Up the east coast of Florida, we could be found, well after midnight, in parking lots and playgrounds, trying to figure out an ending that would satisfy the themes and ideas we were so committed to. For our first few performances we were sleep deprived, under-rehearsed and a bit shaky on the ending. Suddenly that beautiful, funny and strange play we had created together and shared in the Everglades and the Kampong seemed to have disappeared into the Florida haze.
Fortunately, the systems for caring for each other that we had created so intentionally remained intact, and we managed, somewhat miraculously to hold each other through this very rough patch. And as our thighs got stronger, so did our performances. We stayed with it, listening to feedback, adding clarification where it was needed, and scratching away at that damn ending. By our Orlando show there were a whole bunch of line changes, and we had cracked the final scene (partially from inspiration we found at Universal Studios!)

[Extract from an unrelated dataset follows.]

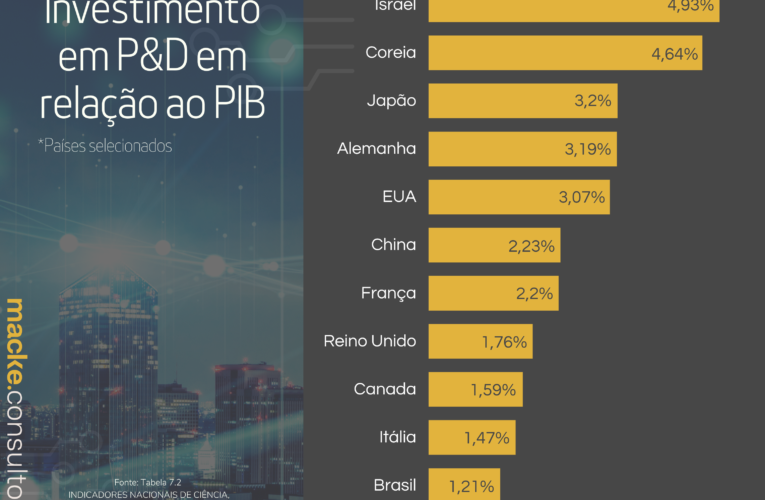 Brasil investe, em média, 1% do PIB em ciência e tecnologia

Since that time, our show has only gotten better, and the standing ovation we received in Gainesville came as such sweet relief. It was an indication that the beautiful show we suspected that we had was back, or rather, had never really left us.

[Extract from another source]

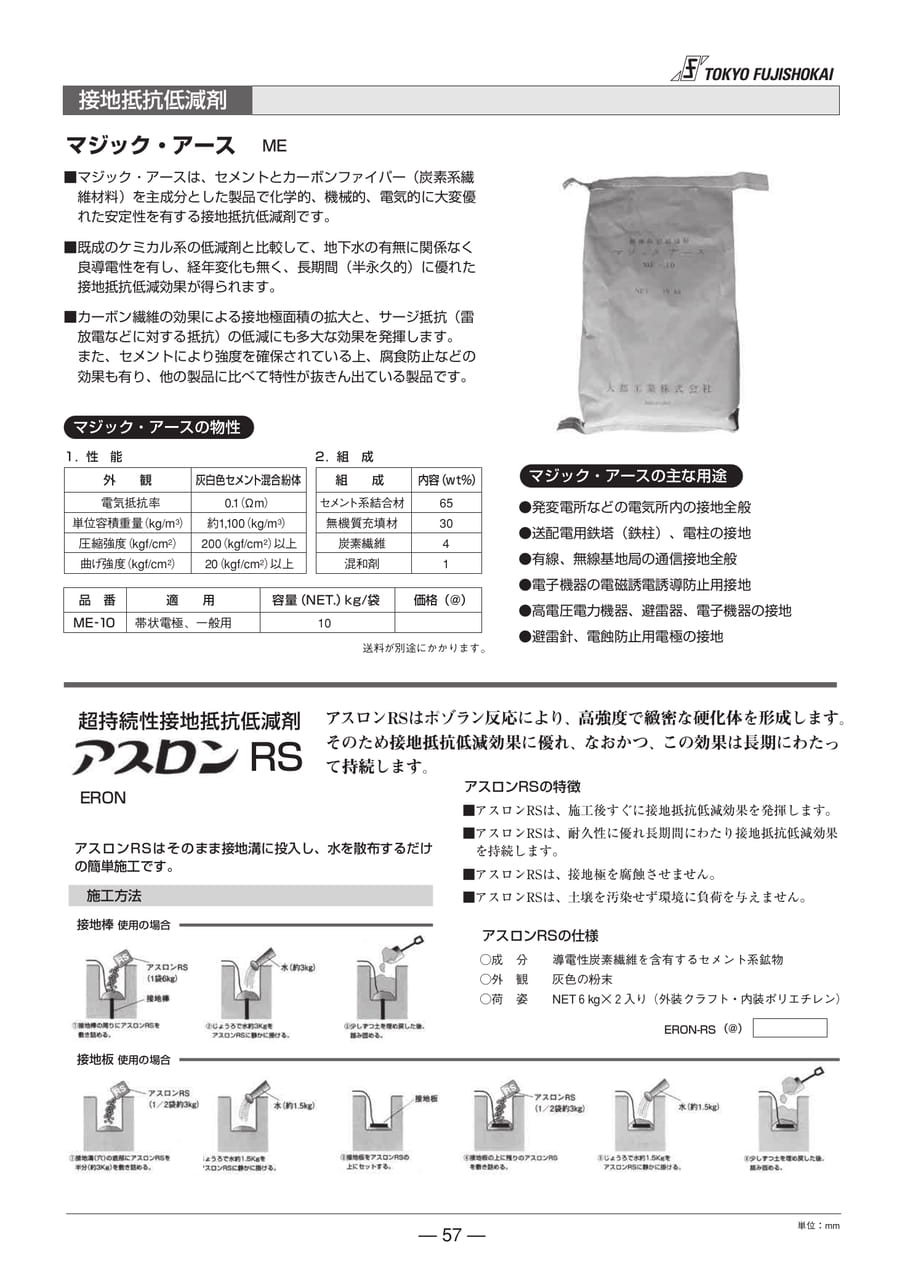 接地抵抗低減剤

We only have a few weeks left in the tour and are only now able to catch our breath a bit. The past few months have been an entire universe unto itself. And as much as we planned for this project to be manageable — with the play finished in residency, the mileage bearable and the weather balmy, sometimes things don’t go as planned, and our expectations have to change and evolve. Agile Rascal can’t be about performing a highly polished play right out the gate, at least, not this time around. It has to be about something else. Maybe it’s about asking the impossible of ourselves, sometimes falling short, but giving everything we’ve got anyway. This project and the play we’ve created has demanded that we evolve both our expectations of ourselves as well as the play itself to match changing needs. It’s not that unlike the situation our characters find themselves in.
I guess sometimes art imitates life. And sometimes life imitates art, imitates life, imitates art, imitates life….on bikes!